Just as I know, I'm probably the only one, the story with "Here's your sign" does not know.
So for you all the story you smile:
Here's your sign
Dork people should have to wear signs that say "I'm stupid" is
. In this way, one would not rely on them, right?
you would ask her anything. It would be like "Sorry, I ... uh, forget it
. Have not seen the sign."
It's like before I was with my wife right in the parade. Our house
was full of boxes and moving trucks stood in the driveway. My neighbor comes over and asks
"Hey, you moving?" - ".
Nope We pack once or twice a week our stuff up to see how many boxes we need
Here's your sign.."
A few months ago I was fishing with precious friend. We pulled his boat ashore
, I raised my fishing from the boat. Because this idiot
comes from the dock and asks "Hey, you have all the fish?"
-. "Nope I've persuaded to give up. Here's your sign. "
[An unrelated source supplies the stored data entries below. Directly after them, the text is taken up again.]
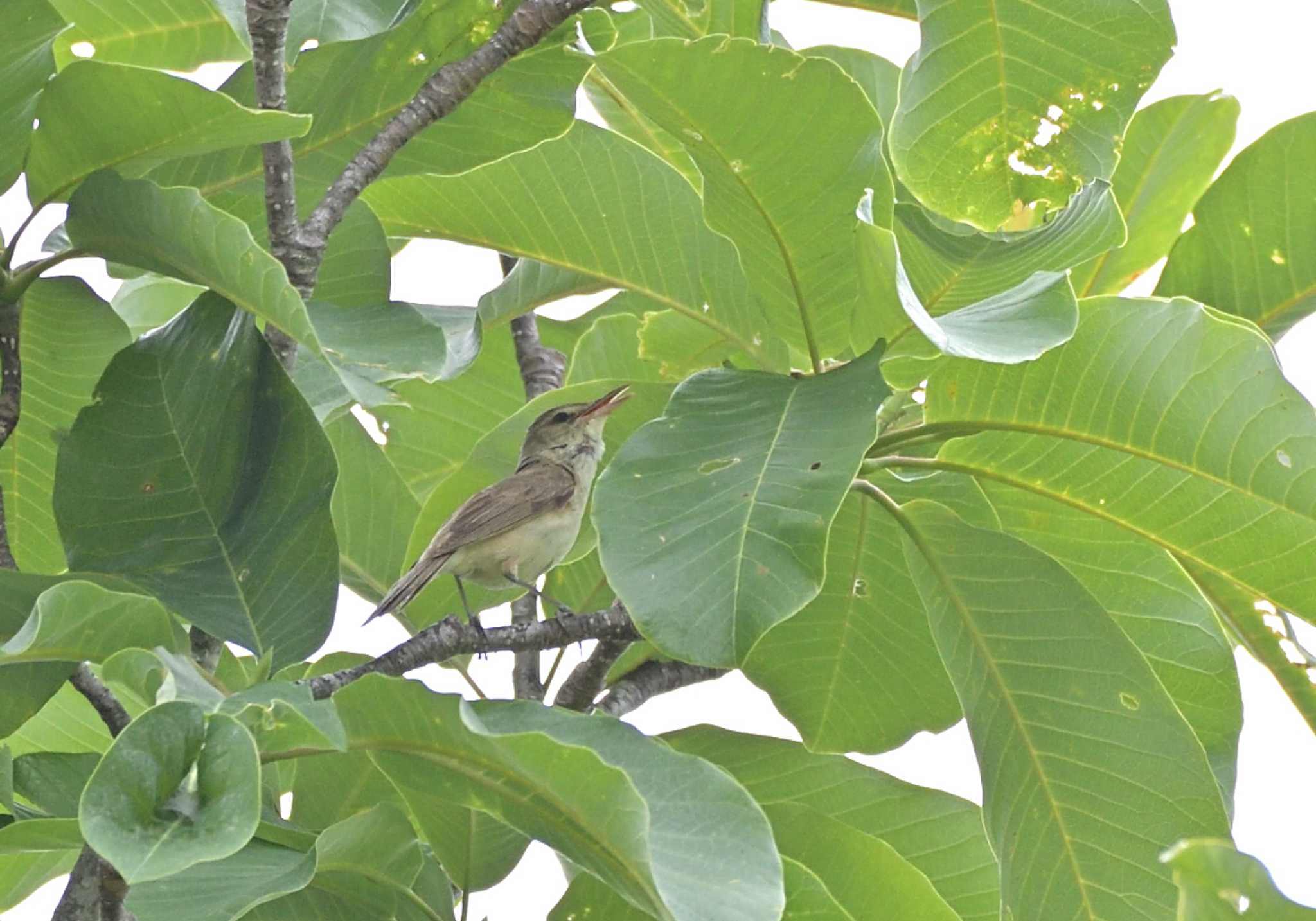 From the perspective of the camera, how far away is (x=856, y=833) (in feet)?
8.23

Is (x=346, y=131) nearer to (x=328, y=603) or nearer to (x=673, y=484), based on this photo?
(x=328, y=603)

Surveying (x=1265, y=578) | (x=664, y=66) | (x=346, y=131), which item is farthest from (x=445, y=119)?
(x=1265, y=578)

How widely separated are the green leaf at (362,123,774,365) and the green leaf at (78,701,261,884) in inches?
47.6

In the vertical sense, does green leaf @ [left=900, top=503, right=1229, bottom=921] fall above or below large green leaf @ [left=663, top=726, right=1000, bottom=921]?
above

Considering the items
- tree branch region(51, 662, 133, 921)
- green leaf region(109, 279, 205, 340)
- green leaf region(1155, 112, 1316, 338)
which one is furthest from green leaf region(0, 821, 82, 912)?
green leaf region(1155, 112, 1316, 338)

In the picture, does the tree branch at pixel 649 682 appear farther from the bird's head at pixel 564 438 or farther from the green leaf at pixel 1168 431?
the bird's head at pixel 564 438

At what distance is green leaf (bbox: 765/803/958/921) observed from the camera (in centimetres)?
244

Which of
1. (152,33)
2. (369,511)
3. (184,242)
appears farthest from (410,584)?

I'm one of those animal documentaries seen on television. There was a guy who invented the NEN
shark-bite-proof suit. And there is only
a way to test something." OK , Jimmy, you have the suit,
looks good ... they want you to jump into this pool of sharks
, and you tell us if it hurts when they bite you
. "-" OK but hold on my plate! I's will not lose
. "
When I last had NEN flat foot, I drove to nerve gas station.
The guard comes out, throws NEN look at my cart and asked
" flat tire? "Resist I could not. I "said Nope. I
went around as if the other three suddenly puff up. Here is your
shield. "
We tried last year to sell our car. A guy came
over to the house and drove the cart ne-five minutes. We come back
to house, he gets out, bends down, attacks the exhaust and
says "shit, is it hot!" See? he had carried his shield
, I could stop him.
I learned to drive NEN truck. I misjudged me
at the height of a bridge, wedged the truck and could not get rid of him
, no matter what I tried. Over the radio I
assistance requested. Then a policeman came and started to write a review about
. He asked the usual questions ... ok ... no problem. I was already sure
me that he needed no sign ...
until he asked "So ... your truck has wedged itself?" I could not help myself!
I saw him, looked back to the semi-trailer truck, then back to him and said
"No, I will provide a bridge. Here's your sign."
one evening I had to work long hours when a colleague inside
looked and said "You're still here?" I replied, "Nope. I ran away before
10 minutes. Here's your sign."
other day I was riding a bicycle. Cleverly, telephoned
I drove it, privately and wanted to change gear. I slip away with
bike and stayed with his hand stuck in the guardrail. I was so funny because then
on the street 'around with NEM stylish spot of blood on the floor beside me
. I wanted to get up grade, when an elderly man next to me had
: "Are they dropped?" Despite pain, I could not keep back
simple: "No, I lie here to bask me"
Damn, why do not you have your sign here?